All of the data below is to be output exactly as written.

★ ★ ★ ★ ★ ★ ★

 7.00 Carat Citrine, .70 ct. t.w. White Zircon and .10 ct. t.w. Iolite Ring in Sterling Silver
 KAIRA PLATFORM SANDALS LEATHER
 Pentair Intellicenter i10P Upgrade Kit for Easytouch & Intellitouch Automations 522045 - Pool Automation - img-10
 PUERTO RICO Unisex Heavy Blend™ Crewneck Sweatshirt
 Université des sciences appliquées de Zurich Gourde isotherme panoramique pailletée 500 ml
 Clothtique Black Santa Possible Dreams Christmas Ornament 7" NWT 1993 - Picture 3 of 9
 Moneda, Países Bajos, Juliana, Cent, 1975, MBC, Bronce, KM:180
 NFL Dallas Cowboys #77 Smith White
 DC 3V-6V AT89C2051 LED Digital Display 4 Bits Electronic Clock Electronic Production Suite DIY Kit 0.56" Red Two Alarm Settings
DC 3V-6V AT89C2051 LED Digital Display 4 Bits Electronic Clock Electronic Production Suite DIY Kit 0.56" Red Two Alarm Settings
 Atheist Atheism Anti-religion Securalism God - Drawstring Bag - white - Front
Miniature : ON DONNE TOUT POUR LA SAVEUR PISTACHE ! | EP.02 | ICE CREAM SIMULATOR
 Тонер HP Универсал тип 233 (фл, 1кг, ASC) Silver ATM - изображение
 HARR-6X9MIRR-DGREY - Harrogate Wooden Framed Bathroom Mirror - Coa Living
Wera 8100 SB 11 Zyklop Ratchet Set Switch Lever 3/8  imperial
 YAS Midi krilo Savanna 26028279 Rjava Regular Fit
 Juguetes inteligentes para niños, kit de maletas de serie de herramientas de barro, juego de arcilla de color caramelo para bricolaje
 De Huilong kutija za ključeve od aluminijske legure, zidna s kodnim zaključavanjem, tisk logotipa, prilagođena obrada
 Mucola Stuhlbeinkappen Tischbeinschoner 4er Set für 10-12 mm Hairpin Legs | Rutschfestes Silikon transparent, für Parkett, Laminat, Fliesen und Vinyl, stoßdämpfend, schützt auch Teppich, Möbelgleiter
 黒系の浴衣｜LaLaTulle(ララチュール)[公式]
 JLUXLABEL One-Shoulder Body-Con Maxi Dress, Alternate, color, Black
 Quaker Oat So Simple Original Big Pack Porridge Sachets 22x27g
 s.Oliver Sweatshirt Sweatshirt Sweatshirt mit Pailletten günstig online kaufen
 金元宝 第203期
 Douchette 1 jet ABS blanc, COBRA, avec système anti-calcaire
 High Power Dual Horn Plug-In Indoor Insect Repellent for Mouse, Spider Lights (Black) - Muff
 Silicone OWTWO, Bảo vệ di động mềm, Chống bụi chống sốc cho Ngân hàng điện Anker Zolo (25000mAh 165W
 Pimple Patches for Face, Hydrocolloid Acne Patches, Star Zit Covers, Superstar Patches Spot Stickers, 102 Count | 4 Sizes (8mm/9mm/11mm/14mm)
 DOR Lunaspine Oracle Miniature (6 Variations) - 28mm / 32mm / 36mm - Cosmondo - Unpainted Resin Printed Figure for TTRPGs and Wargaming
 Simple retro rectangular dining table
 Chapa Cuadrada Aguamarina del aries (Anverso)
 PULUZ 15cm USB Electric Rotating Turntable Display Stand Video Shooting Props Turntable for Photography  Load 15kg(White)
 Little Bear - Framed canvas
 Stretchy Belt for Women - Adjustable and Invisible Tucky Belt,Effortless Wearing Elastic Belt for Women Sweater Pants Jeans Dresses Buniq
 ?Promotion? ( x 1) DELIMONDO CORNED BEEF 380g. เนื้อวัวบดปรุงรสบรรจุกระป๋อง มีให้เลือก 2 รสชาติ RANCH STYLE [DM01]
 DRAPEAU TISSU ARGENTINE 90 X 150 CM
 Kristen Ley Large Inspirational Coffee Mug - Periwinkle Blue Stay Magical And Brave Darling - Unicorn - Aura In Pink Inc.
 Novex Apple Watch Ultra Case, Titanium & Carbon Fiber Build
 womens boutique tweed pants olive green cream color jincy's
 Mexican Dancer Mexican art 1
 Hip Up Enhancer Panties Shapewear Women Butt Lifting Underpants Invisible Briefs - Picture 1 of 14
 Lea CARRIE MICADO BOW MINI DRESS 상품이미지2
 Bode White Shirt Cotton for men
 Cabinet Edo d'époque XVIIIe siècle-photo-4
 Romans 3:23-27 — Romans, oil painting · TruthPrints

★ ★ ★ ★ ★ ★ ★

RESULT:
 7.00 Carat Citrine, .70 ct. t.w. White Zircon and .10 ct. t.w. Iolite Ring in Sterling Silver
 KAIRA PLATFORM SANDALS LEATHER
 Pentair Intellicenter i10P Upgrade Kit for Easytouch & Intellitouch Automations 522045 - Pool Automation - img-10
 PUERTO RICO Unisex Heavy Blend™ Crewneck Sweatshirt
 Université des sciences appliquées de Zurich Gourde isotherme panoramique pailletée 500 ml
 Clothtique Black Santa Possible Dreams Christmas Ornament 7" NWT 1993 - Picture 3 of 9
 Moneda, Países Bajos, Juliana, Cent, 1975, MBC, Bronce, KM:180
 NFL Dallas Cowboys #77 Smith White
 DC 3V-6V AT89C2051 LED Digital Display 4 Bits Electronic Clock Electronic Production Suite DIY Kit 0.56" Red Two Alarm Settings
DC 3V-6V AT89C2051 LED Digital Display 4 Bits Electronic Clock Electronic Production Suite DIY Kit 0.56" Red Two Alarm Settings
 Atheist Atheism Anti-religion Securalism God - Drawstring Bag - white - Front
Miniature : ON DONNE TOUT POUR LA SAVEUR PISTACHE ! | EP.02 | ICE CREAM SIMULATOR
 Тонер HP Универсал тип 233 (фл, 1кг, ASC) Silver ATM - изображение
 HARR-6X9MIRR-DGREY - Harrogate Wooden Framed Bathroom Mirror - Coa Living
Wera 8100 SB 11 Zyklop Ratchet Set Switch Lever 3/8  imperial
 YAS Midi krilo Savanna 26028279 Rjava Regular Fit
 Juguetes inteligentes para niños, kit de maletas de serie de herramientas de barro, juego de arcilla de color caramelo para bricolaje
 De Huilong kutija za ključeve od aluminijske legure, zidna s kodnim zaključavanjem, tisk logotipa, prilagođena obrada
 Mucola Stuhlbeinkappen Tischbeinschoner 4er Set für 10-12 mm Hairpin Legs | Rutschfestes Silikon transparent, für Parkett, Laminat, Fliesen und Vinyl, stoßdämpfend, schützt auch Teppich, Möbelgleiter
 黒系の浴衣｜LaLaTulle(ララチュール)[公式]
 JLUXLABEL One-Shoulder Body-Con Maxi Dress, Alternate, color, Black
 Quaker Oat So Simple Original Big Pack Porridge Sachets 22x27g
 s.Oliver Sweatshirt Sweatshirt Sweatshirt mit Pailletten günstig online kaufen
 金元宝 第203期
 Douchette 1 jet ABS blanc, COBRA, avec système anti-calcaire
 High Power Dual Horn Plug-In Indoor Insect Repellent for Mouse, Spider Lights (Black) - Muff
 Silicone OWTWO, Bảo vệ di động mềm, Chống bụi chống sốc cho Ngân hàng điện Anker Zolo (25000mAh 165W
 Pimple Patches for Face, Hydrocolloid Acne Patches, Star Zit Covers, Superstar Patches Spot Stickers, 102 Count | 4 Sizes (8mm/9mm/11mm/14mm)
 DOR Lunaspine Oracle Miniature (6 Variations) - 28mm / 32mm / 36mm - Cosmondo - Unpainted Resin Printed Figure for TTRPGs and Wargaming
 Simple retro rectangular dining table
 Chapa Cuadrada Aguamarina del aries (Anverso)
 PULUZ 15cm USB Electric Rotating Turntable Display Stand Video Shooting Props Turntable for Photography  Load 15kg(White)
 Little Bear - Framed canvas
 Stretchy Belt for Women - Adjustable and Invisible Tucky Belt,Effortless Wearing Elastic Belt for Women Sweater Pants Jeans Dresses Buniq
 ?Promotion? ( x 1) DELIMONDO CORNED BEEF 380g. เนื้อวัวบดปรุงรสบรรจุกระป๋อง มีให้เลือก 2 รสชาติ RANCH STYLE [DM01]
 DRAPEAU TISSU ARGENTINE 90 X 150 CM
 Kristen Ley Large Inspirational Coffee Mug - Periwinkle Blue Stay Magical And Brave Darling - Unicorn - Aura In Pink Inc.
 Novex Apple Watch Ultra Case, Titanium & Carbon Fiber Build
 womens boutique tweed pants olive green cream color jincy's
 Mexican Dancer Mexican art 1
 Hip Up Enhancer Panties Shapewear Women Butt Lifting Underpants Invisible Briefs - Picture 1 of 14
 Lea CARRIE MICADO BOW MINI DRESS 상품이미지2
 Bode White Shirt Cotton for men
 Cabinet Edo d'époque XVIIIe siècle-photo-4
 Romans 3:23-27 — Romans, oil painting · TruthPrints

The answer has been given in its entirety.